▶ [Work order] Return, with both end lines included, exactly what the data below holds from the line with "Clarion Hotel BWI" through the line with "GM17 Tea & Coffee DB Wall Set 18 Pcs", though not the pictures.

Top of Data in this exercise

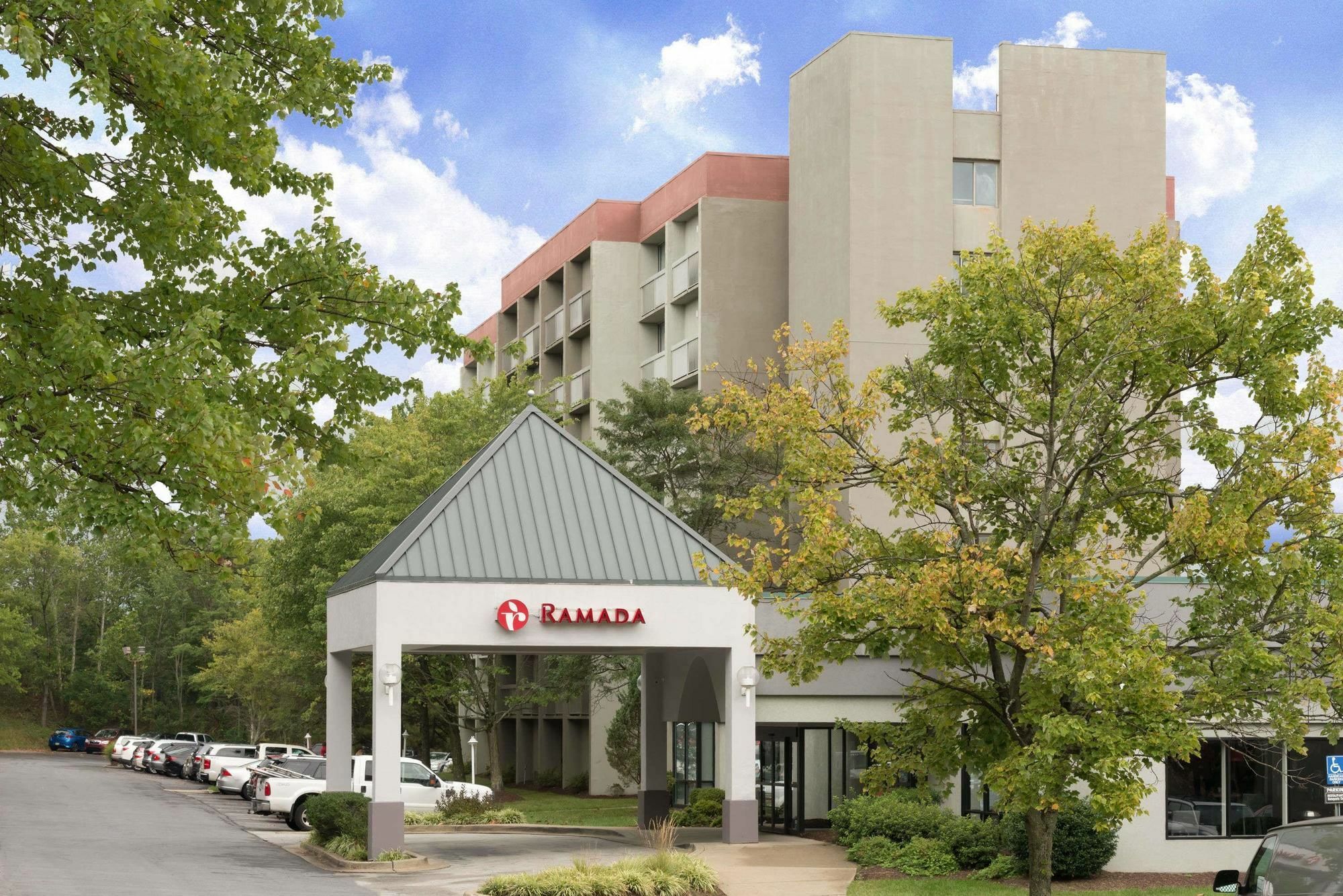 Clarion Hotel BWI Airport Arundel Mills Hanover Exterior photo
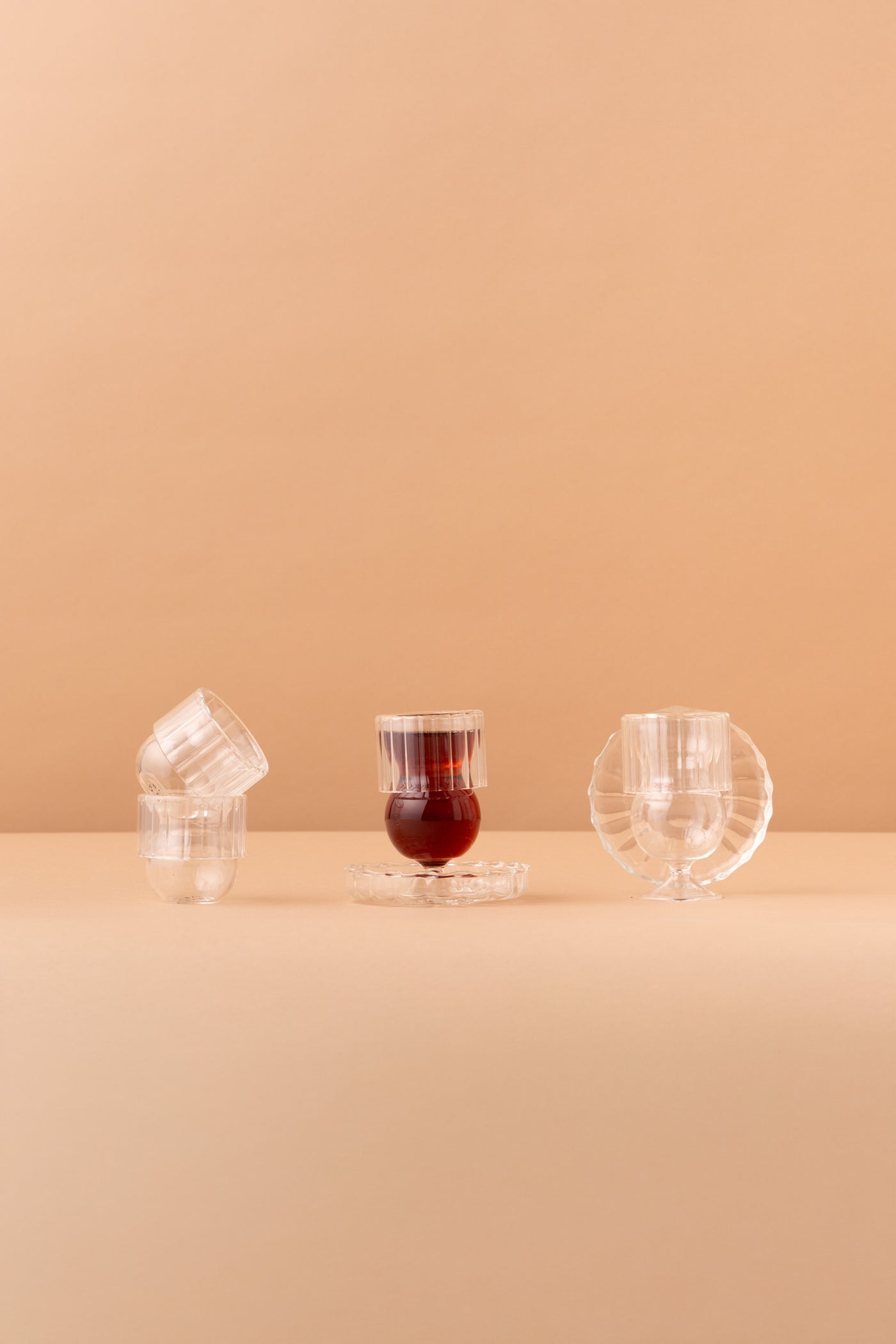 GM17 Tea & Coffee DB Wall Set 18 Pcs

Bottom of Data in this exercise
Top of Data in this exercise

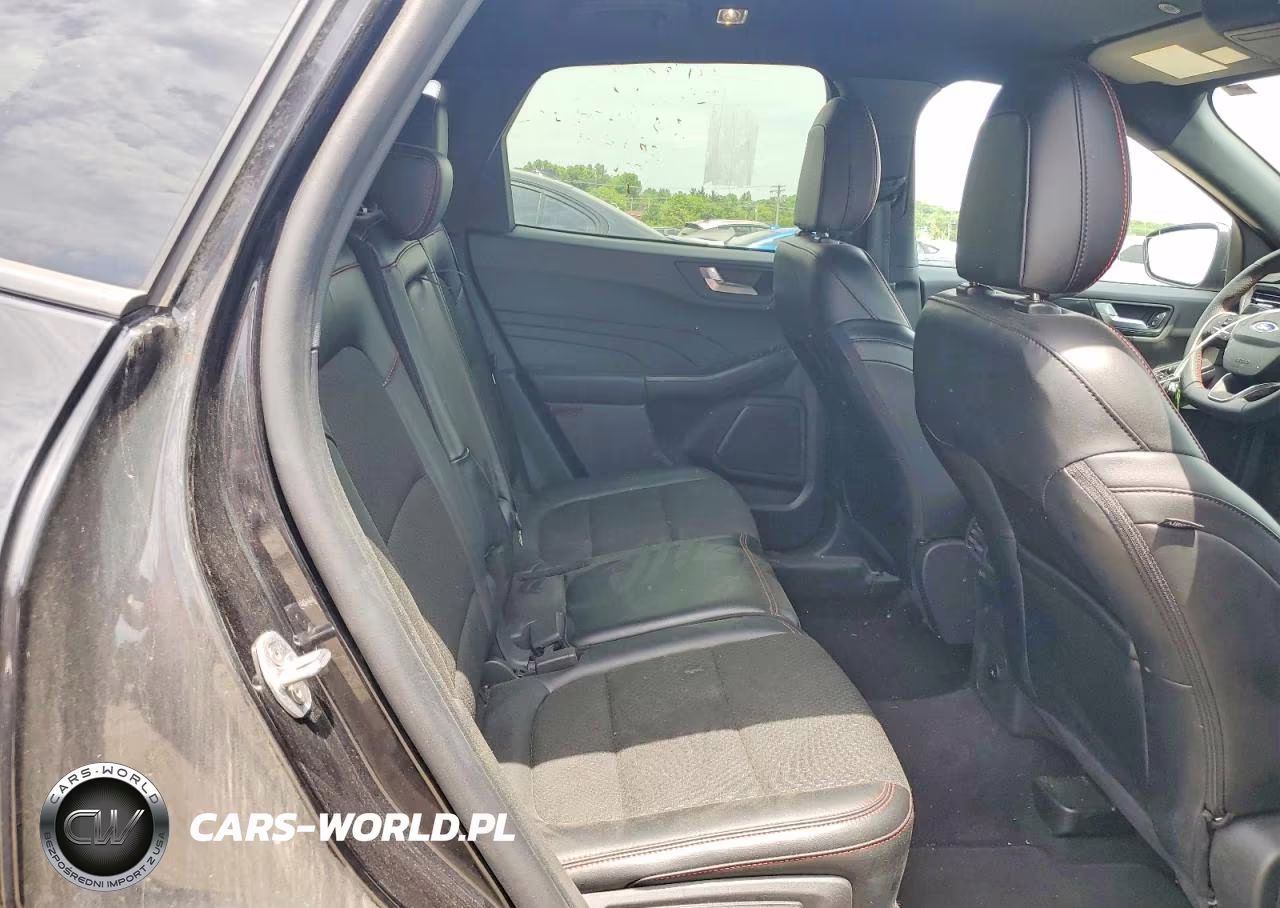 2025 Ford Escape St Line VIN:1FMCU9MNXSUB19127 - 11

Bottom of Data in this exercise

▶ [Problem solution]
 Clarion Hotel BWI Airport Arundel Mills Hanover Exterior photo
 GM17 Tea & Coffee DB Wall Set 18 Pcs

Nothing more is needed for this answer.